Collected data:
+ + +
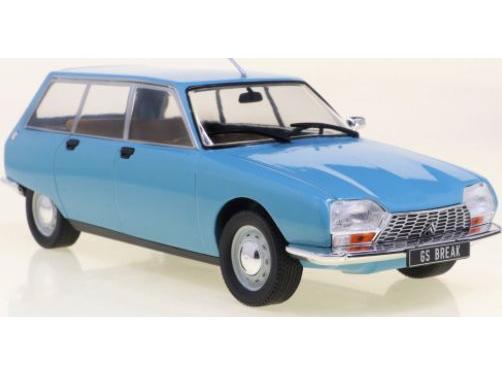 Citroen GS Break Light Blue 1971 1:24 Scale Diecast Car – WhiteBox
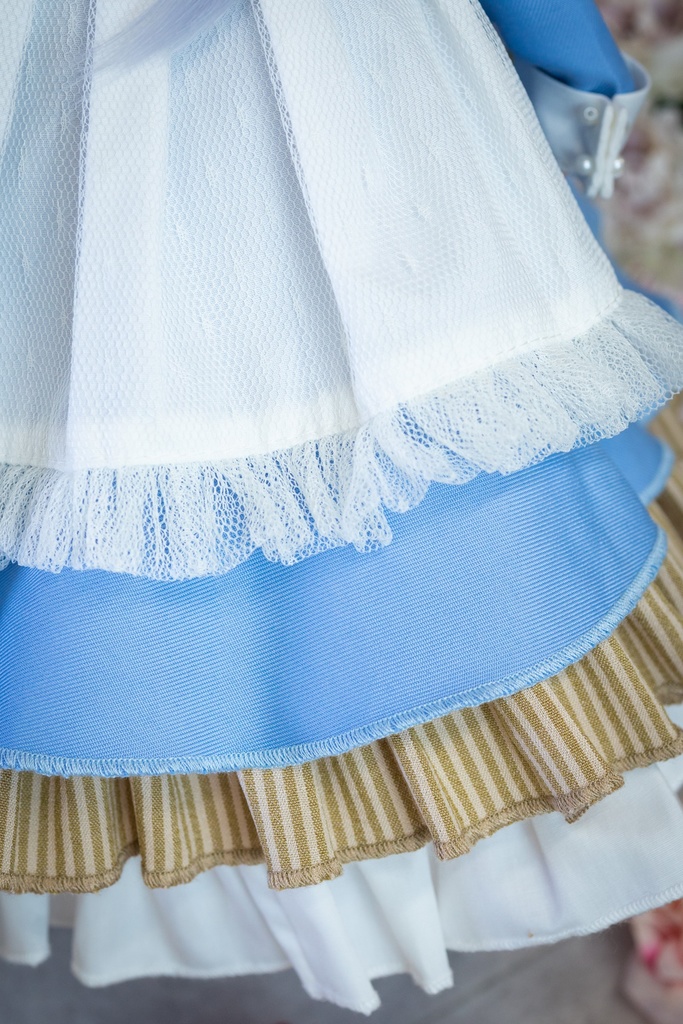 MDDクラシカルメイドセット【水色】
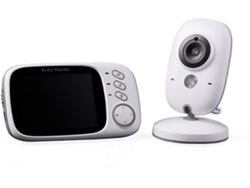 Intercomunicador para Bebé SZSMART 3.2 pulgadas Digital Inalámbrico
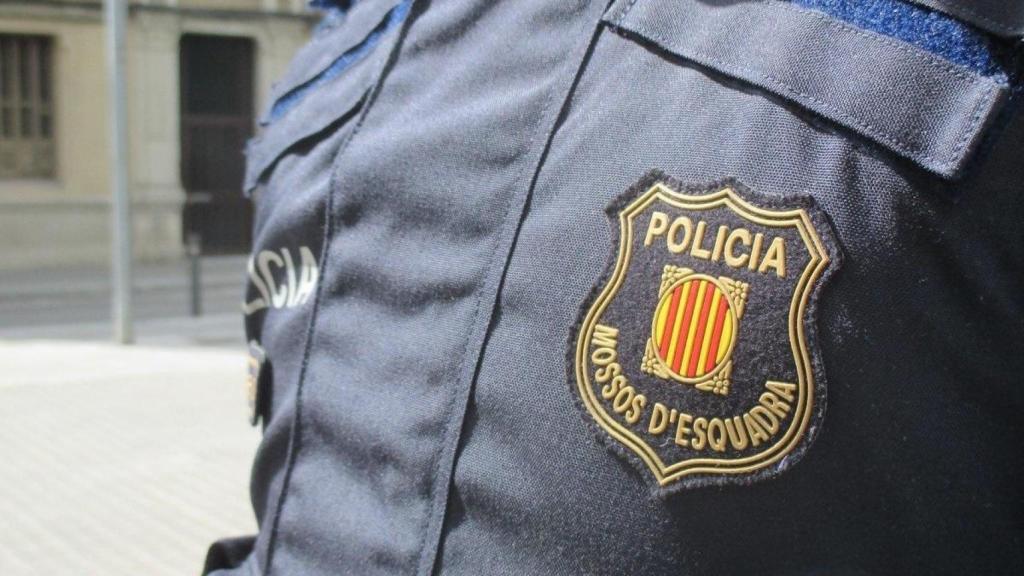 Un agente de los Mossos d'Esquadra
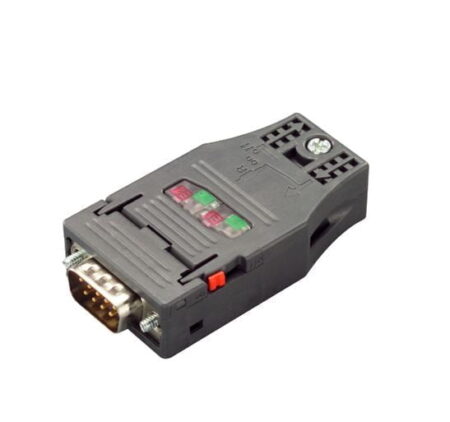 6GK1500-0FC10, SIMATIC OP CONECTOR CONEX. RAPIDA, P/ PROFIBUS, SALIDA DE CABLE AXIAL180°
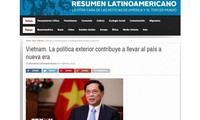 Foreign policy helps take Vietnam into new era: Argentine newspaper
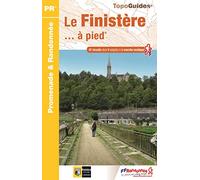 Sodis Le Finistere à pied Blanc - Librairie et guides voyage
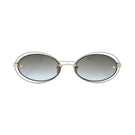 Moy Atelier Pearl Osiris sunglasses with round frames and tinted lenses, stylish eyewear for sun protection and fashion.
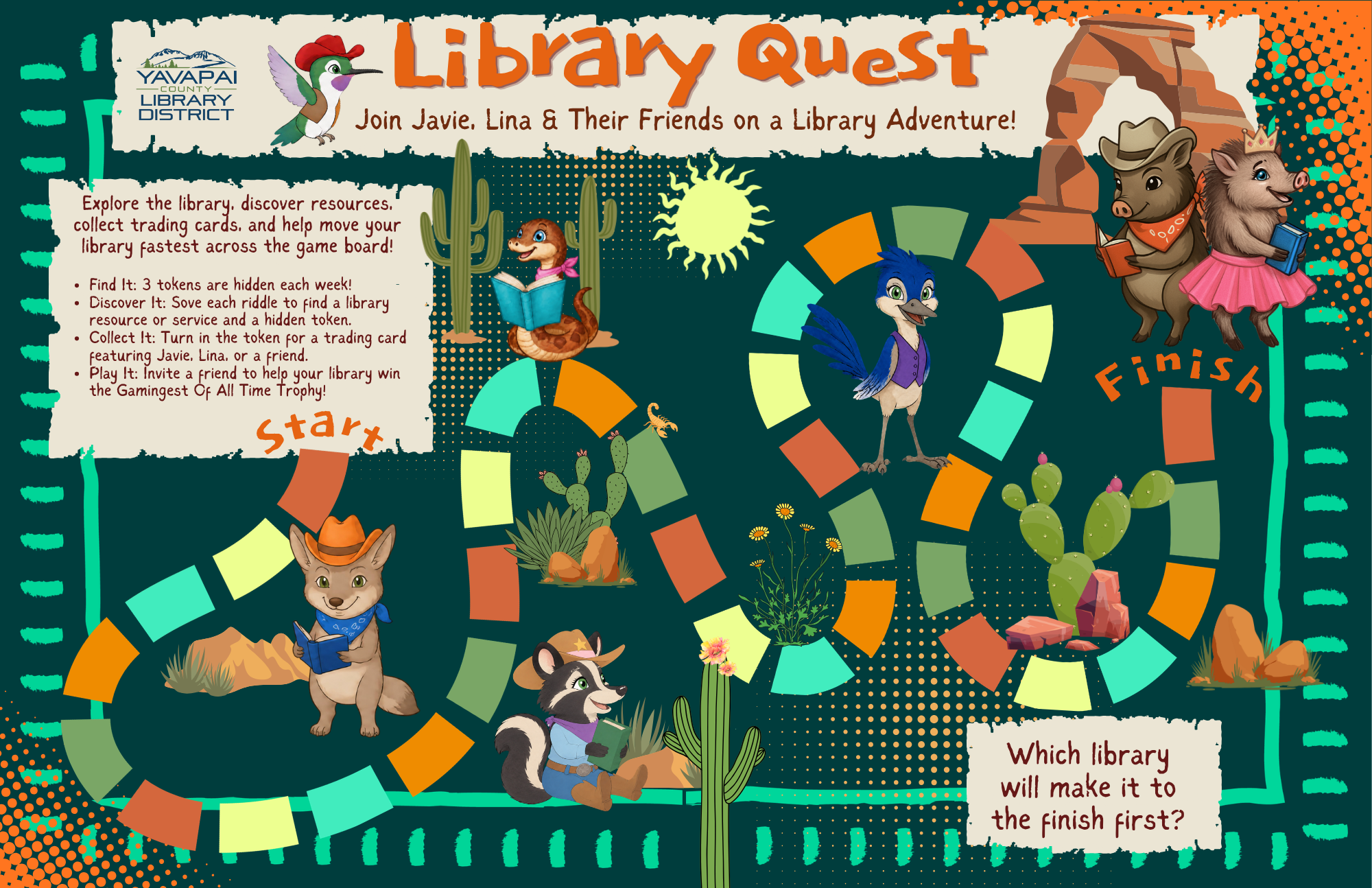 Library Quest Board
+ + +
Write all the entries again word for word, minus the pictures.

 Citroen GS Break Light Blue 1971 1:24 Scale Diecast Car – WhiteBox
 MDDクラシカルメイドセット【水色】
 Intercomunicador para Bebé SZSMART 3.2 pulgadas Digital Inalámbrico
 Un agente de los Mossos d'Esquadra
 6GK1500-0FC10, SIMATIC OP CONECTOR CONEX. RAPIDA, P/ PROFIBUS, SALIDA DE CABLE AXIAL180°
 Foreign policy helps take Vietnam into new era: Argentine newspaper
 Sodis Le Finistere à pied Blanc - Librairie et guides voyage
 Moy Atelier Pearl Osiris sunglasses with round frames and tinted lenses, stylish eyewear for sun protection and fashion.
 Library Quest Board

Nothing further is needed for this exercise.